Cultural humility is a lifelong journey of self-reflection and learning. It involves listening without judgement and being open to learning from and about others. It involves learning about our own culture and our biases. Cultural humility is a building block for cultural safety. It is an overarching principle that is threaded through our learning and acts as the process by which change can occur.

Cultural awareness

The journey of cultural humility often starts with cultural awareness – recognizing that differences and similarities exist between cultures. Learning about the histories that impact Indigenous Peoples in Canada is an important part of developing cultural awareness.

Cultural sensitivity

Cultural sensitivity grows when we start to see the influences of our own culture and acknowledge that we have biases. This can be an eye-opening experience, and it may take courage and humility to walk this path. Cultural sensitivity is NOT about treating everyone the same.

With cultural awareness and sensitivity comes a responsibility to act respectfully.

Cultural competence

We can increase our cultural competence by developing knowledge, skills and attitudes for working effectively and respectfully with diverse people. It’s about reducing the number of assumptions we make about people based on our biases. Cultural competency does not require us to become experts in cultures different from our own.

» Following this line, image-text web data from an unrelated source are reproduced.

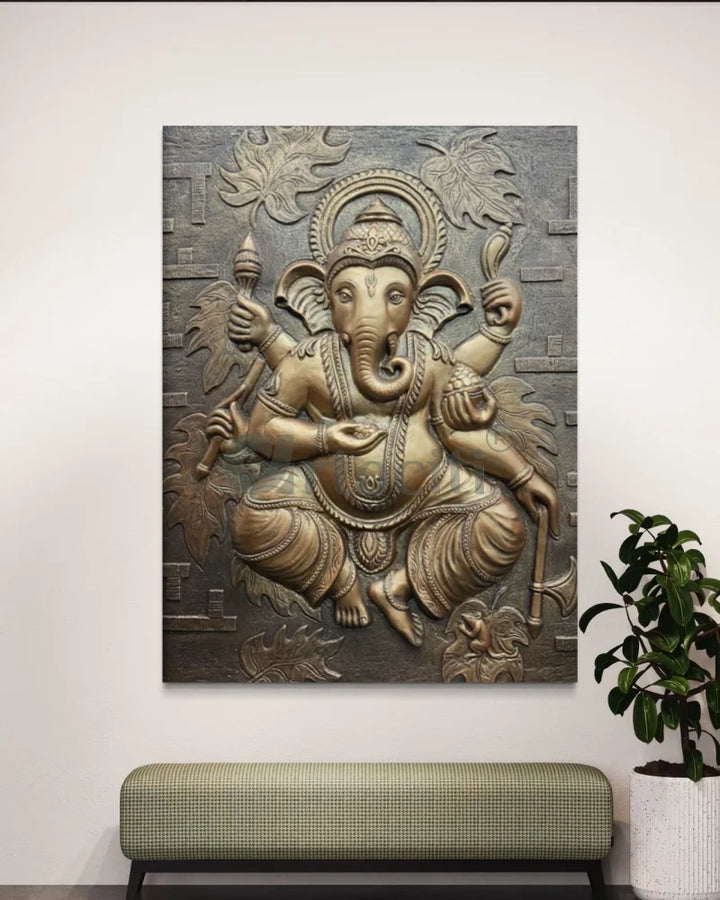 4x3 Feet Dancing Ganesha 3D Relief Mural Wall Art Bronze / Unframed (ready to hang) Ganesha Wall Decor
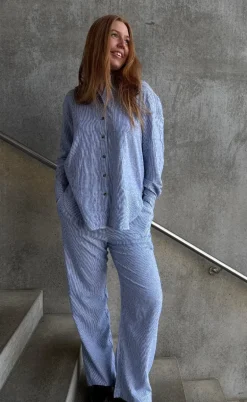 Freequent Bukser - Lava  - Off White w. Nebulas Blue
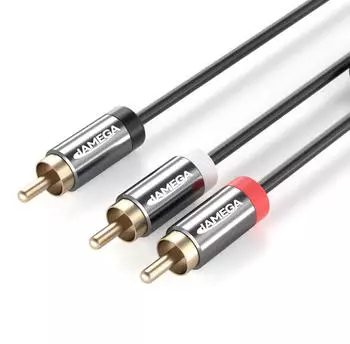 Jamega Subwoofer Y-Kabel Cinch RCA Kabel Koaxial HiFi Audio Kabel 3x Cinch Audio-Kabel CINCH (1000 cm) (102535)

Cultural safety and anti-Indigenous racism

The goal of cultural safety is for all people to feel respected and safe when they interact with the health care system. Culturally safe health care services are free of racism and discrimination. People are supported to draw strengths from their identity, culture and community.

Land acknowledgement

Northern Health acknowledges with gratitude that our work takes place on the territories of the Tlingit, Tahltan, Nisga’a, Gitxsan, Tsimshian, Haisla, Haida, Wet’suwet’en, Carrier (Dakehl), Sekani (Tse'khene), Dane-zaa, Cree, Saulteau and Dene Peoples.

Northern Health commitment to Indigenous health and reconciliation

Northern Health acknowledges the harms experienced by Indigenous peoples accessing the health system. We are committed to new ways of being through building healthy and trusting relationships with Indigenous communities, families, individuals, and employees. These commitments are interwoven throughout the strategic priorities and integral to the success of Northern Health.

Northern Health commits to:

  • Striving to ensure that all Indigenous people have access to high quality, culturally safe, and respectful services.
  • Narrowing health disparities experienced by Indigenous peoples.
  • Implementing changes to address cultural safety, and to confront racism and stigmatization of Indigenous peoples.
  • Building a health system that aligns with the values and knowledge of the people we serve.
  • Centering Indigenous ways of being and knowing in the health services we provide.